Seaspiracy si apre evocando il problema delle microplastiche in mare, per scoprire che la più grande causa dell’inquinamento dei mari è l’industria ittica.
A partire da qui le indagini del regista portano a galla problemi più o meno noti, dalla caccia alle balene in Giappone, all'inutile massacro causato dalla pesca accidentale; come in Cowspiracy, inoltre, si scoprono evidenti conflitti di interesse tra le multinazionali dell’industria ittica e le associazioni che dovrebbero garantirne la sostenibilità.
Tra le rivelazioni più scioccanti del film, il sistema mafioso che si cela dietro la pesca intensiva, basato in molte parti del mondo sulla schiavitù umana: pescatori costretti sui pescherecci per anni, minacciati e maltrattati, e chi si ribella finisce in mare.
Pur avendo riscosso un grande successo di pubblico, sono stati in molti a criticare Seaspiracy, soprattutto per l’assenza di un reale contraddittorio, che renderebbe il quadro finale estremamente parziale.
Da riconoscergli, comunque, il grande merito di aver portato sugli schermi anche dei meno informati un problema forse meno noto, ma di grande importanza per tutti.
Laura Spataro
English version
Seaspiracy, the shocking documentary on the fishing industry
After Cowspiracy, the film that exposes the barbarity of the fish market is coming to Netflix
More than five years after the release of Cowspiracy, a shocking documentary that exposed the impact of animal agriculture and its supply chain, the debate over sustainable nutrition rekindled in March this year when Netflix launched Seaspiracy, which paints a disturbing image of the fishing industry.

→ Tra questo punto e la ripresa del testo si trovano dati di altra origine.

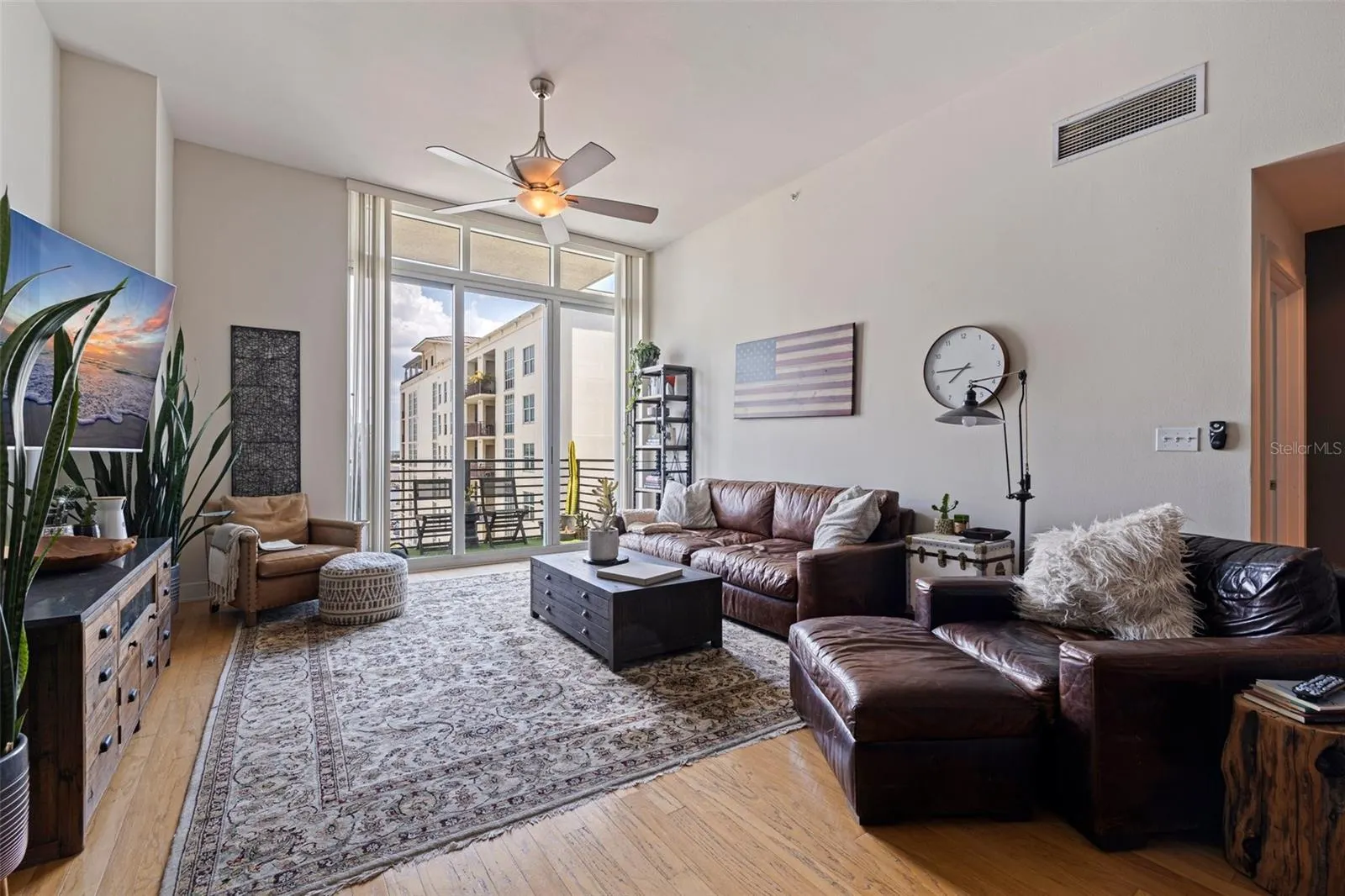 1208 E KENNEDY BLVD #831, #831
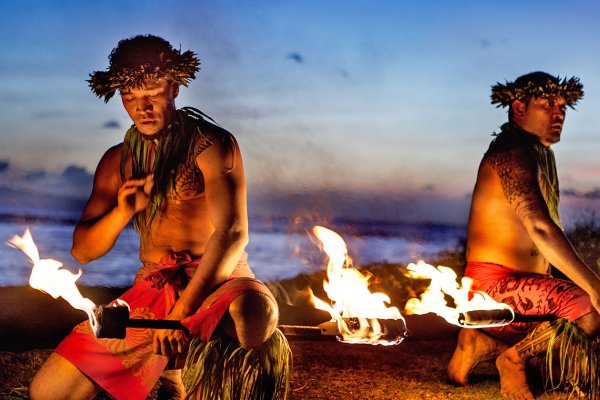 Oahu Luaus Tile Image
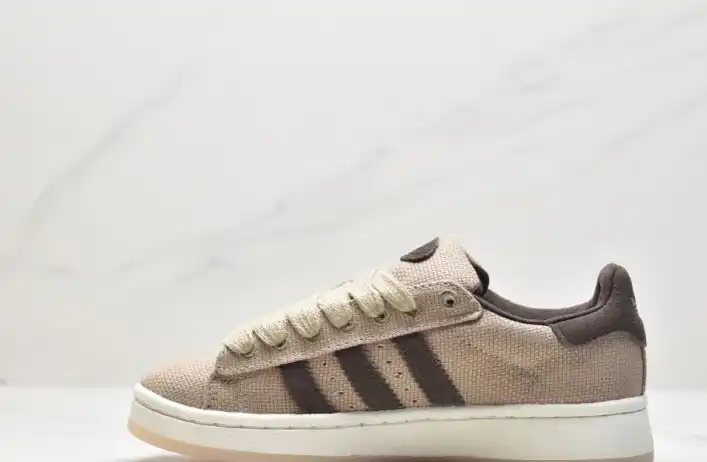 hype Adidas Sneakers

Spawned by the same producers, both films have aroused quite a bit of controversy, not only because of the inquisitorial style with which the investigations are conducted, but moreover due to the thesis they support, presented as the only one possible: veganism.
Regardless of how you feel about it, if the aim of the directors, Kip Andersen first and Ali Tabrizi afterwards, was to ignite debate, the objective was undoubtedly achieved (again).
Seaspiracy opens by bringing up the problem of microplastic debris in the sea, to then reveal that the largest cause of sea pollution is the fishing industry. From here the director's investigations bring to light more or less known problems, from whaling in Japan, to the unnecessary slaughter caused by accidental fishing; as with Cowspiracy, clear conflicts of interest are exposed between multinationals in the fishing industry and associations that should ensure sustainability.
Some of the film's most shocking revelations include the mafia system behind intensive fishing, relying on human slavery in many parts of the world: fishermen trapped on fishing boats for years, threatened and mistreated, and those who rebel end up in the sea.
Despite its enormous success with the public, many have criticized Seaspiracy, in particular for the lack of a real contradictory opinion, which makes the final picture extremely partial. However, the great merit of having brought to the screens of those less informed a problem that is little known yet of great importance for everyone must be acknowledged.